It’s great that you are trying all these experiments. We always learn something when we try to take the course material and apply or extend it.
My interpretation of your results is that dropout = 0.05 gave the best performance. You got to 80% test accuracy on Epoch 400 there. Also notice that what happens after that is less “bouncy”, but it’s all in the low 72 - 74% range so maybe that is irrelevant.
One other general comment: looking at the loss values is not really all that useful. Any particular number for loss doesn’t really mean anything in the sense that if you tell me the loss value I can’t make any conclusion from that. It’s only useful to know if it’s going up or down, as a proxy for whether convergence is working or not. The accuracy is the Gold Standard or “sine qua non” here. Those are the numbers that really matter for assessing the performance. Well, that and the compute cost it took you to get there.

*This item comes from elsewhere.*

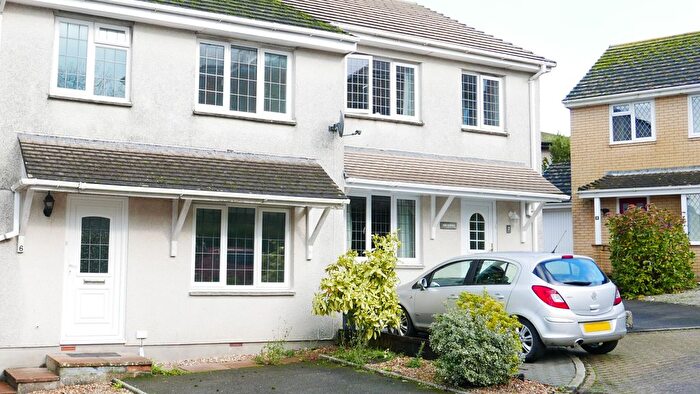 3 Bedroom Semi-Detached House For Sale In Hazelmead, Liskeard, Cornwall, PL14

The other general thing to say here is that this dataset is ridiculously small for a problem this complex. That’s really a big limitation of investing too much effort in this particular set of experiments. Here’s a thread from a while back, where I did some experiments perturbing the mix of “yes” and “no” samples between train and test sets.
It might be a better idea to find a richer and more realistic dataset. One I’ve heard of, but haven’t personally used, is the Kaggle Cats and Dogs Challenge. That has O(10^4) samples. Of course that means that all the training will be a lot more expensive, but at least you’ll have a better chance of learning generalizable things.